In 2024, the United States and Hong Kong launched spot bitcoin products (ETFs). According to Bloomberg data, as of the end of 2024, it has attracted a net inflow of US$34.6 billion. It is expected that by 2025, more investors may be allowed to participate in spot ETF trading, and more crypto assets may also become easier to invest through ETFs. According to the latest regulatory filing from the U.S. Securities and Exchange Commission (SEC) as of the end of January, multiple ETFs have planned to start investing in other crypto assets. As more investment products are introduced and attracting more investors, we expect the prices of crypto assets to rise as a result.

03 The perception of Bitcoin is changing

As the market value of Bitcoin continues to grow, investors' attitudes towards this leading crypto asset are also changing. In January 2024, the United States launched a wide range ofAccessible spot Bitcoin trading products (ETFs) mark an important milestone, and the world's largest capital market provides investors with a convenient way to invest in Bitcoin easily (and possibly Ethereum in the future). For example, as of January 11, 2024, U.S. investors have invested $40.6 billion in spot Bitcoin ETFs, and by the end of 2024, the total assets of this product reached $101.8 billion. By comparison, gold ETF has $124.2 billion in assets under management.

A year after the launch of Bitcoin ETF, its asset size is close to the level of US gold ETF.

04 The market environment looks more favorable

The interest rate cuts in major economies such as the United States, the euro zone, and the United Kingdom suggest that 2025 may become the "risk preference year" for the global market. In fact, we are more optimistic about the more cyclical areas in the market for 2025, such as stocks and trust generations. Crypto assets may be supported when investors are more willing to take risks, as they are often more affected by the macroeconomic environment.

05Tokenization is gradually advancing. Tokenization is to record certain assets or information on the blockchain through token form, which brings many benefits to asset management and exchange. We believe that the current financial system can achieve a variety of potential advantages through tokenization, such as reducing counterparty risks, speeding up payment and settlement speed, and personalized customization to improve customer investment experience.

In the past five years, the central bank's pilot projects for digital currency and asset tokenization have gradually made progress, including tokenized money market funds, tokenized bonds and tokenized private equity market products. The UK plans to issue Tokenized Treasury bonds for the first time in the next two years. In the euro zone, the European Central Bank is preparing to launch a digital euro, which is expected to promote further development of tokenized applications. As this technology becomes more popular, we expect crypto assets to benefit from it as well.

06 Summary: 2025 is a year worth paying attention to.

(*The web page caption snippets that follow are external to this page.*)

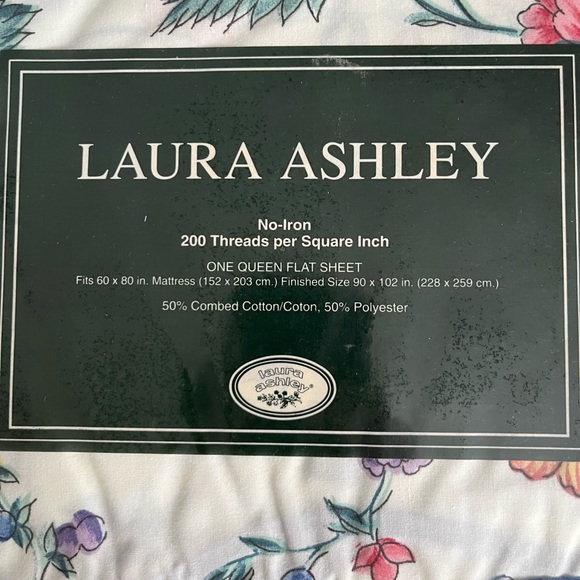 Laura Ashley Chinese Silk Queen Flat Sheet - Picture 2 of 3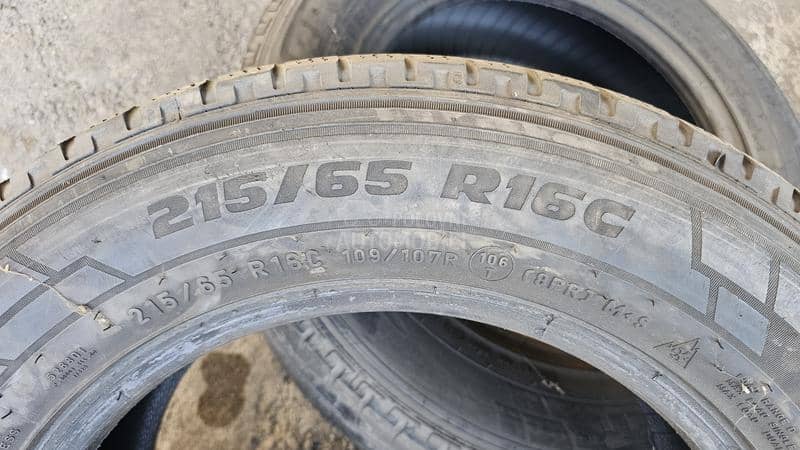 Pirelli 215/65 R16 Zimska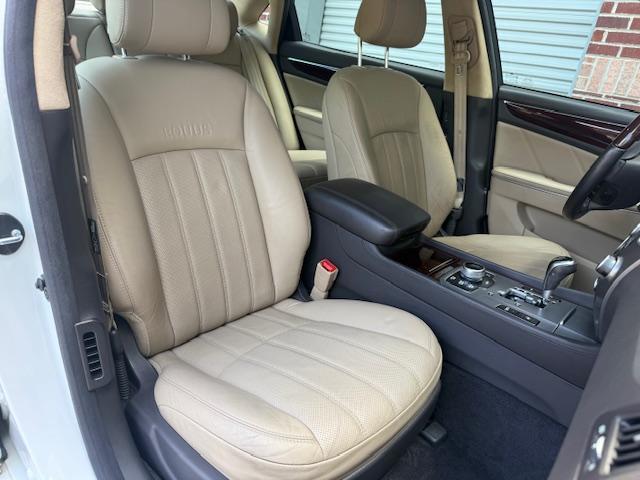 Hyundai Equus Signature 2012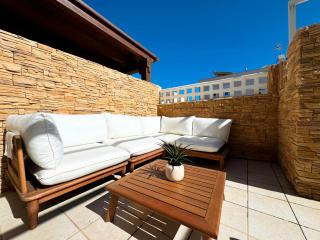 Premium Central Seafront Villa - 2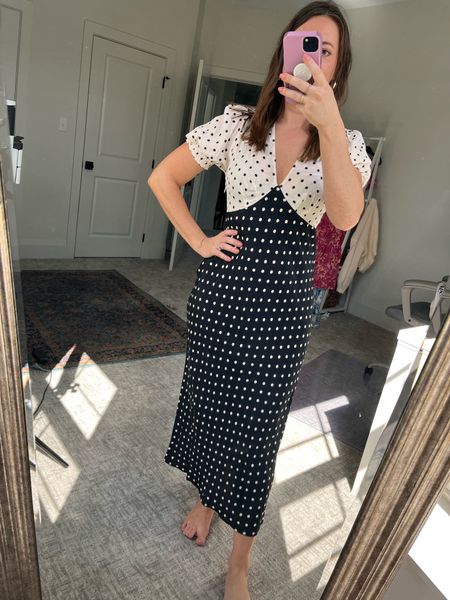 The perfect dress for your Euro summer from target! Only $25 

Target dresses
Polka dot dress
Target finds
Target clothes 

#LTKxTarget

Crypto assets are a highly volatile investment and may fluctuate significantly due to changes in news events. Overall, the reason we believe that the crypto market will continue to hit new highs in 2025 is mainly due to the increased regulatory transparency and more friendly factors that have brought good news to digital assets (for example, after Trump’s election crypto market price fluctuations, news of Trump’s nomination to the U.S. Securities and Exchange Commission (SEC) chairperson, and the U.S. decision to approve spot bitcoin and Ethereum ETFs). We also expect interest rate cuts in many major economies may stimulate demand for risky assets.

Note: The above views only represent the author’s personal views as of February 14, 2025 and cannot be regarded as investment advice and are for reference only. Forward-looking statements do not guarantee future results, and the risks, uncertainties and assumption factors involved may cause actual results to differ from expectations.